WORK TO BE COMPLETED:
The records below hold a stretch from the line with "Beaded Crystal Bracelet" through the line with "Σκούρα μπλε εβαζέ"; return exactly those lines, ends included, and nothing more.

:::::

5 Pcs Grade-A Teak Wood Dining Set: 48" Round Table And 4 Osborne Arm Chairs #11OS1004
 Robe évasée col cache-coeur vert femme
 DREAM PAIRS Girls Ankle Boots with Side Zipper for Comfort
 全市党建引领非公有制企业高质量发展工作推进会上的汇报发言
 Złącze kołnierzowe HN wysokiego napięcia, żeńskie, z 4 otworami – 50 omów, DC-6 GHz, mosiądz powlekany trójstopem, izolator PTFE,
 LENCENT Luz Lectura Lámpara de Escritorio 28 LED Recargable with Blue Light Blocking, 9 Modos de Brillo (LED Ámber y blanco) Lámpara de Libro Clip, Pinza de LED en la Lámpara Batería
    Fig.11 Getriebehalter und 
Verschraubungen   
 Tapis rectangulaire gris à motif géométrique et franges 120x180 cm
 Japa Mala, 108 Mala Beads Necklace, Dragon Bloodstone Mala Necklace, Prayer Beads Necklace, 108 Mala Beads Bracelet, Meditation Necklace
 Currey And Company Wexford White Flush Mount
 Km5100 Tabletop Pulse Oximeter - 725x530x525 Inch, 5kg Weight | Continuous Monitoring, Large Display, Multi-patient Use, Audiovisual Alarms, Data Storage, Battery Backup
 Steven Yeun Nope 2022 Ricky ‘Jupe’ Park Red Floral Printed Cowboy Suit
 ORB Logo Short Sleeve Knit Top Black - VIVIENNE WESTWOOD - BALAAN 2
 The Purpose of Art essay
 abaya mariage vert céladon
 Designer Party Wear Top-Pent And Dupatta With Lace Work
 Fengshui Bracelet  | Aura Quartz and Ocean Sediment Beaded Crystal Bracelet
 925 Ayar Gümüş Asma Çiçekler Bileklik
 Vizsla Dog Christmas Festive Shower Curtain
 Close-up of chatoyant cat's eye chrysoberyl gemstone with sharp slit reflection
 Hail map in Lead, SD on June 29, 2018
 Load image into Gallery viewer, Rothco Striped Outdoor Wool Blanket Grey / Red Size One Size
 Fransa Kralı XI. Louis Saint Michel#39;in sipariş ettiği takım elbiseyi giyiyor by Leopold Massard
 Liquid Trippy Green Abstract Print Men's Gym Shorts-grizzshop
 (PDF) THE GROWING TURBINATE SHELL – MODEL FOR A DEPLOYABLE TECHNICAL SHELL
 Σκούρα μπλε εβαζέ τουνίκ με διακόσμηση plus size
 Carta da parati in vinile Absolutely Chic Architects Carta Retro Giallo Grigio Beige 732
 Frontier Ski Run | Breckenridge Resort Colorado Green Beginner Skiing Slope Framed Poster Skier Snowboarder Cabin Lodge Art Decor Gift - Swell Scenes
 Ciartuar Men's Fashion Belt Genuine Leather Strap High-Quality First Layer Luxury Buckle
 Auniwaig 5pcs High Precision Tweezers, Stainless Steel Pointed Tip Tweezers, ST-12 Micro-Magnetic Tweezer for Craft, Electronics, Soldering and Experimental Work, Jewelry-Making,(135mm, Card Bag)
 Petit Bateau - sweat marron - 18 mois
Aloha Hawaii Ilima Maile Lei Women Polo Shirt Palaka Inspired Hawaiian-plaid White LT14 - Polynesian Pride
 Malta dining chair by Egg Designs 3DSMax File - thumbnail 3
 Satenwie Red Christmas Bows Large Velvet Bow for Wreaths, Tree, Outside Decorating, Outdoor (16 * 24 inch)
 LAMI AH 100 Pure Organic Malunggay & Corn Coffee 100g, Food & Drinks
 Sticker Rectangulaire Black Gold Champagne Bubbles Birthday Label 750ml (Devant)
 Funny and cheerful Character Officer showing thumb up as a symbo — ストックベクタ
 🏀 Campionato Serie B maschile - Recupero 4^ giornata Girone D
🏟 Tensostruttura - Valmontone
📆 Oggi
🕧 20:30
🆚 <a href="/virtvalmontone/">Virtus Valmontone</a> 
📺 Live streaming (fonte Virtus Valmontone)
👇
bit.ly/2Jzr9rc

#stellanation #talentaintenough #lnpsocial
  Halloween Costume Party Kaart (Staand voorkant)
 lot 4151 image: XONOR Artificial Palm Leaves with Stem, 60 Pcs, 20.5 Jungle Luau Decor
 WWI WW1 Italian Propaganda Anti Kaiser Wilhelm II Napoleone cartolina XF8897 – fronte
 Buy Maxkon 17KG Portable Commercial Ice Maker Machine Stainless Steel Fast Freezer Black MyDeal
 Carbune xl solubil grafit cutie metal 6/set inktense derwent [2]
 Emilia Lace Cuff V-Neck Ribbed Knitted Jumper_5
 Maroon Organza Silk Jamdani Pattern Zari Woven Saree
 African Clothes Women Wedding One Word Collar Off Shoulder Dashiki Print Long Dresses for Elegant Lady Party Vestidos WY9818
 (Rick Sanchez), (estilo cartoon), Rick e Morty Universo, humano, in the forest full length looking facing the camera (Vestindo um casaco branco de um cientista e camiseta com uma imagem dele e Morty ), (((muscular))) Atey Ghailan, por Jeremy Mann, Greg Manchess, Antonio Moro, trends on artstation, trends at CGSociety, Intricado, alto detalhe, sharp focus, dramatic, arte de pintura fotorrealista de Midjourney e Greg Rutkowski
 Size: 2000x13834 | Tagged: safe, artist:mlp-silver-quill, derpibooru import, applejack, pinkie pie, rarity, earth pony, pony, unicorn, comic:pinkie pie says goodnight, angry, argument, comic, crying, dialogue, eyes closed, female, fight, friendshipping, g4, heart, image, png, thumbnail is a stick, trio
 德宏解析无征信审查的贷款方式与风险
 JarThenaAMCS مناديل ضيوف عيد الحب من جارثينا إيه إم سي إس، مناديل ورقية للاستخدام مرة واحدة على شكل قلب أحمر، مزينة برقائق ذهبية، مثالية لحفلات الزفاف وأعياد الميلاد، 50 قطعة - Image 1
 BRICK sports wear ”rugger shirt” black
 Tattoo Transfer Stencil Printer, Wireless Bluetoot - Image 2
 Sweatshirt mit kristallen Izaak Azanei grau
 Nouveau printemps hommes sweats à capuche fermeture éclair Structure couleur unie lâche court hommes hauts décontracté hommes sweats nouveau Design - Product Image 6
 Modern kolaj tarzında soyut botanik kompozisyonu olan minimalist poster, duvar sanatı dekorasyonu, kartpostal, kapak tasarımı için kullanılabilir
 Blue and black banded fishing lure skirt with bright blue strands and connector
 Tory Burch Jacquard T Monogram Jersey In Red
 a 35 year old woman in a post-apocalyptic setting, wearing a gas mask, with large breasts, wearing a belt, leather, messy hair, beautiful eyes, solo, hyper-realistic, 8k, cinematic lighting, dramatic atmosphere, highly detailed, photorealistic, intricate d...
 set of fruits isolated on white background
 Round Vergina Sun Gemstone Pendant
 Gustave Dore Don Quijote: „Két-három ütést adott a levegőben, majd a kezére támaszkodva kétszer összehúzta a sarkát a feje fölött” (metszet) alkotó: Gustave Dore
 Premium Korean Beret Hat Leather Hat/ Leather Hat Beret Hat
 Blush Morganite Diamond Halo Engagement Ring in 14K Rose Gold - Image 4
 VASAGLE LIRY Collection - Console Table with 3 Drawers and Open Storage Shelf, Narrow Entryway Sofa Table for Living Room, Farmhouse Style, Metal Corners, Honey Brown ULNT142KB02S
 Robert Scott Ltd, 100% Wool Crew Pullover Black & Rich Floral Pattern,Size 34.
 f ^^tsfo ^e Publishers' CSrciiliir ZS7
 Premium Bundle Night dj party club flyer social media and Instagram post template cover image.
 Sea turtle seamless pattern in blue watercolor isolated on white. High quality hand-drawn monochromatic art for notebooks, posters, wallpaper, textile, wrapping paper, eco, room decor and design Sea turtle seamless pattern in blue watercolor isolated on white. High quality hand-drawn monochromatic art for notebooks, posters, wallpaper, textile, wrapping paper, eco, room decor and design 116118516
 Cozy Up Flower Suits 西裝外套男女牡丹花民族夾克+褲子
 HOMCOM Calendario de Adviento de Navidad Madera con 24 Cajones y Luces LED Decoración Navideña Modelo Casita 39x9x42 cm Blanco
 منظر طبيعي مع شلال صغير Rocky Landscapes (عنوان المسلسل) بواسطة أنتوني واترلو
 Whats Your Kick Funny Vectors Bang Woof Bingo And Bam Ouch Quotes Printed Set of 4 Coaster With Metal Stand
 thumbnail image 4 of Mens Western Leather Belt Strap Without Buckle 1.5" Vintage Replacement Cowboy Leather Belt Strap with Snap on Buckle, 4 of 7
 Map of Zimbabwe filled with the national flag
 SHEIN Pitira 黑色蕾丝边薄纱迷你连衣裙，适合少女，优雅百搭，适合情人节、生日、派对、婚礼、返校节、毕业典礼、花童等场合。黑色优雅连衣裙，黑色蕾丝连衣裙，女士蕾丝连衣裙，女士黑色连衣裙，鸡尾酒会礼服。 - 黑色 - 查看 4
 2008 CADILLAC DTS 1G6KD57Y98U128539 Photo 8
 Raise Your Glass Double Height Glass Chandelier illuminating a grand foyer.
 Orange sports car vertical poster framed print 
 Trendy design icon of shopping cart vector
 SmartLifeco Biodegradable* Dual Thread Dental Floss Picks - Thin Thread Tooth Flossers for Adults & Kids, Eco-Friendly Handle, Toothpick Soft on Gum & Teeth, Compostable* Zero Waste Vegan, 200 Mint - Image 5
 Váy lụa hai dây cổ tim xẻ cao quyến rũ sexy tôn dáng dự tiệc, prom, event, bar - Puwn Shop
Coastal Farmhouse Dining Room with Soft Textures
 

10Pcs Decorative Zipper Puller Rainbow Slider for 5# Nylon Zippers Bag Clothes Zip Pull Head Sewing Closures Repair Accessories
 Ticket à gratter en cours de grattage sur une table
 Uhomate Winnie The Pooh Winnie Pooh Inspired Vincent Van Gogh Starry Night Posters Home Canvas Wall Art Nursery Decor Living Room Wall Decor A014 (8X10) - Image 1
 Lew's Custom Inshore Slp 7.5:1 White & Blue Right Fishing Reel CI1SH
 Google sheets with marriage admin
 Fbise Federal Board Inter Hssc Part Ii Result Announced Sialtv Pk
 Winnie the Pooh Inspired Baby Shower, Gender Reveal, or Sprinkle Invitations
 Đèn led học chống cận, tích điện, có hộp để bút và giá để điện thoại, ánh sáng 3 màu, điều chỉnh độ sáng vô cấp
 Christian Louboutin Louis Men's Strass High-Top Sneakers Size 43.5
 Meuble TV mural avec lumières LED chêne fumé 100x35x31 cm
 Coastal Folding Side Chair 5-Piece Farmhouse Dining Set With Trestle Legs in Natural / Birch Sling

:::::

TASK RESULT:
 Fengshui Bracelet  | Aura Quartz and Ocean Sediment Beaded Crystal Bracelet
 925 Ayar Gümüş Asma Çiçekler Bileklik
 Vizsla Dog Christmas Festive Shower Curtain
 Close-up of chatoyant cat's eye chrysoberyl gemstone with sharp slit reflection
 Hail map in Lead, SD on June 29, 2018
 Load image into Gallery viewer, Rothco Striped Outdoor Wool Blanket Grey / Red Size One Size
 Fransa Kralı XI. Louis Saint Michel#39;in sipariş ettiği takım elbiseyi giyiyor by Leopold Massard
 Liquid Trippy Green Abstract Print Men's Gym Shorts-grizzshop
 (PDF) THE GROWING TURBINATE SHELL – MODEL FOR A DEPLOYABLE TECHNICAL SHELL
 Σκούρα μπλε εβαζέ τουνίκ με διακόσμηση plus size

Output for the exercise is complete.